Records for this exercise:
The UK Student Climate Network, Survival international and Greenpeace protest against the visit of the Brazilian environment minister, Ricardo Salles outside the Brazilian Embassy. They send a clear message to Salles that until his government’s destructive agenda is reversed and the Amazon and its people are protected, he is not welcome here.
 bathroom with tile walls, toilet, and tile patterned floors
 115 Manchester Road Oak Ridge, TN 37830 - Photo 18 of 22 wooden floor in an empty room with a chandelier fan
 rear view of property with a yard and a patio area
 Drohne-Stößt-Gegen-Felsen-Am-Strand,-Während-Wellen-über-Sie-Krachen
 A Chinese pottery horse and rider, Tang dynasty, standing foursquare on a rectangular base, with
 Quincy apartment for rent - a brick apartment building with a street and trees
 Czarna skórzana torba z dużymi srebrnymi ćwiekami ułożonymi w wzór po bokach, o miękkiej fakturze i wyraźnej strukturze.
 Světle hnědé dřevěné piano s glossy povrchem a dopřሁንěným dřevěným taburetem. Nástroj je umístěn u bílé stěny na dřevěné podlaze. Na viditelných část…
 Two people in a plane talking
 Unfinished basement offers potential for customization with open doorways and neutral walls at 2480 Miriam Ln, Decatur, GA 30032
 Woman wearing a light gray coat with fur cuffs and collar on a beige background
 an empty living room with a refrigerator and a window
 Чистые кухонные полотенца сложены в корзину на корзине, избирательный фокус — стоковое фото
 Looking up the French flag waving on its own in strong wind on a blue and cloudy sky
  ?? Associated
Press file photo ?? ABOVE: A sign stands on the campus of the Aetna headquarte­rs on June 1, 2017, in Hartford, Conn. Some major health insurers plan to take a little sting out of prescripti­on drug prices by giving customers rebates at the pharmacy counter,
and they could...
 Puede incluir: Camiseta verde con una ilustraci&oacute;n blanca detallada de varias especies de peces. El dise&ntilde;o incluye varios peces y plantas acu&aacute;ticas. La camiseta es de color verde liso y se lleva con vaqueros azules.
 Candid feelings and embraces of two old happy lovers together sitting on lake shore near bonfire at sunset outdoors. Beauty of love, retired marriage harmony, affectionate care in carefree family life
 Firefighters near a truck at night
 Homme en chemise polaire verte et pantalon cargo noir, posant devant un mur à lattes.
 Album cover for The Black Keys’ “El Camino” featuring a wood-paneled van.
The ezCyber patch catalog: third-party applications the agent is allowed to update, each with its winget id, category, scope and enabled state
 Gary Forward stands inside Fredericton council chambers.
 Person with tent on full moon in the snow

Problem to work on: Provide the count of lines above that contain "stands", without any other words.

Answer to this exercise: 2